Camila ci rifletté qualche secondo «Presenteremo ricorso.» Decretò infine, sperando di levigare le preoccupazioni insonni della corvina.

Il resto del tragitto trascorse in silenzio. Tutti e tre erano orientati su pensieri divergenti e se a volte si scontravano, allora anche i loro sguardi cozzavano per una frazione di secondo, per poi riabbassarsi rapidamente e fingere che non fosse successo niente.

Quando arrivarono davanti al tribunale, Tommy si incamminò solitario, lasciando alle due il tempo di discorrere per qualche minuto.

«Stai bene?» Chiese la cubana mentre salivano i primi gradini.

«Come se avessi appena preso cento cazzotti ma non provassi dolore, solo l'angoscia di prenderne altri.» Tentò di spiegarsi Lauren, squinternando un po' la cubana che faticava a comprendere i meccanismi dei suoi paragoni.

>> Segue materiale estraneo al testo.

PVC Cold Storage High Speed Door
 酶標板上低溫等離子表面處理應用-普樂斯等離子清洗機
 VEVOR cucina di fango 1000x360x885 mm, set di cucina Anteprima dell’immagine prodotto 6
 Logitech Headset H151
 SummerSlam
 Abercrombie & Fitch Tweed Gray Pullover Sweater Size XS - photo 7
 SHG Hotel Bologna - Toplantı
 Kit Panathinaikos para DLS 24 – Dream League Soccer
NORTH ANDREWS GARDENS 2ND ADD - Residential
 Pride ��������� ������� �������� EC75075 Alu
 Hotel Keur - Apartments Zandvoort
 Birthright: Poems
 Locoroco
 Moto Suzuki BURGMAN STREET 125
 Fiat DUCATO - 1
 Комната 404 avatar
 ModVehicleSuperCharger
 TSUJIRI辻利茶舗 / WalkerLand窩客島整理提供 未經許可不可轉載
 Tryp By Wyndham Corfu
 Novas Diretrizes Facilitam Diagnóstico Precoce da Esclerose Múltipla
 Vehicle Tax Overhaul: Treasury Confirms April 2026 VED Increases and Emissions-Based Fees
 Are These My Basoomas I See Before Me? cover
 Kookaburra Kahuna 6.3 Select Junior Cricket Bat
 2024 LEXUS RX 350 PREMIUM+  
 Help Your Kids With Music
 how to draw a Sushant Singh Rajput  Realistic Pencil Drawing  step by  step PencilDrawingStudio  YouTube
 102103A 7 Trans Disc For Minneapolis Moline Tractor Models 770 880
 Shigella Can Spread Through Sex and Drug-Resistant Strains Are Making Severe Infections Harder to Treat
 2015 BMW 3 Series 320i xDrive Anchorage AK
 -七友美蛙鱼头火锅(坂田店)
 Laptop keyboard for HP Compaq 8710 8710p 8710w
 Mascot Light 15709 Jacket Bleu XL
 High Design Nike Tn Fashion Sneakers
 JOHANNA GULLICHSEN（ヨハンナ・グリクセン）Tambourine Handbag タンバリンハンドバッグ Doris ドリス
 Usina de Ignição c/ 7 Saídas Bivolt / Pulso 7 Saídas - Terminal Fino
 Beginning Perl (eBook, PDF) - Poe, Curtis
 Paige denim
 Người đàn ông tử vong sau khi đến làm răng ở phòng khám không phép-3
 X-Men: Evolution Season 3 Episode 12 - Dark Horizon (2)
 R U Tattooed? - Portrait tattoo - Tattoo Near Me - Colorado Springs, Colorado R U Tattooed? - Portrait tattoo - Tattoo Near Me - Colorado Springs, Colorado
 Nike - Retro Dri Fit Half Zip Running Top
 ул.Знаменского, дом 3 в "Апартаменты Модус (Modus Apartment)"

«Comunque andrà tutto bene.» La tranquillizzò, prendendole la mano nella sua.

«Camila.» La corvina arrestò il passo e le rivolse un'occhiata torva «L'hai detto anche l'ultima volta.» Le fece notare con aria severa, ma poco dopo si rilassò in un sospiro angosciato.

«Okay.» La cubana ridiscese due gradini per eguagliare la corvina, le mise due mani sulle spalle e le sorrise gentilmente «Tutte le cose che amiamo vanno a finire male almeno una volta.»